Reached Muang Vang Vieng a quarter to two, as expected, with a stop at Kasi. Found a nice cheap guesthouse next to the river, the Saysong Guesthouse (try to get the rooms on the bottom floor, much nicer. We got a 3 bedder with hot water for 6 dollars in total. The rooms on the upper floor are still, ahem, under construction, but still available for a paltry 3 dollars for a spacious 3 bedder, shared bathrooms down the corridor). I've never really cared that much about the places i stay in though. "Seriously, how much time do you think you are going to spend in the room?", as one Israeli puts it in perspective when we were stranded at night in Luang Prabang looking at fleapit after fleapit, having arrived after the army of backpackers got off the boat from Pak Mong - rush hour traffic for Luang Prabang, with every backpacker scrambling for rooms. That was about as rushed as it got in tranquil, somnambulant Luang Prabang, and i might add, Lao in general.
But back to Vang Vieng. At 4 the pick up, with our tractor tyre inner tubes (henceforth tubes =) tied down on the roof dropped us off at the Organic Mulberry Farm, where it was a short hop with our tubes over our shoulders before we were at the Nam Song. Beautiful, clear waters, and flanked by some really amazing karst mountains. Now if i had been here 2 years ago i might have excelled in A level geography, it left that indelible an impression on me.

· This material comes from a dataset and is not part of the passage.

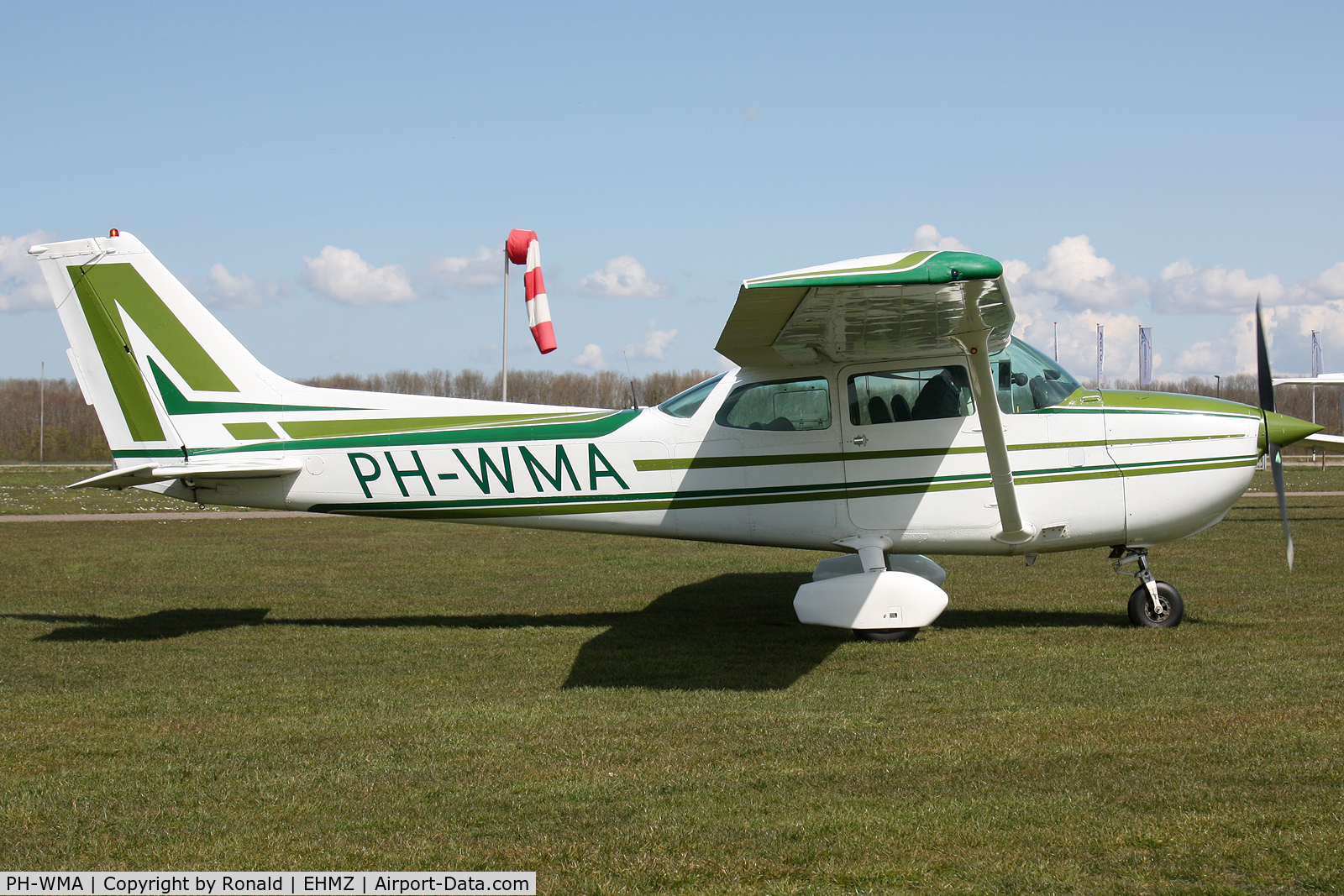 PH-WMA, Reims F172P Skyhawk II C/N 2064, at ehmz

Southeast Asian veterans looking at this (im pretending i have an audience here, humour me) are probably sniggering at the time we set off. 4 in the afternoon. In Lao last light is around 6 30. And guess how long a tubing tour takes - 4 hours or so. Do the maths and you would realise that we would still be and were, floating on the Nam Song past 7 o clock at night. And unluckily for us, it turned out to be one of the colder days in Vang Vieng, with it already being cold season.
By 5 we were feeling a bit chilly. By 6 we were shivering a bit, thanks to the fading sunlight and the splashing match that occurred earlier. By 7 our bottoms and hands were numb, and we were looking for the nearest river bar to evacuate to, and as Murphy's law would have it, we just left the last river bar behind. We finally got up at some muddy embankment that had this wooden sign nailed to a tree - tuk tuk to town. Saved, from a certain fate of drifting down the Nam Song and into Vientiane through the night, as one guy candidly put it.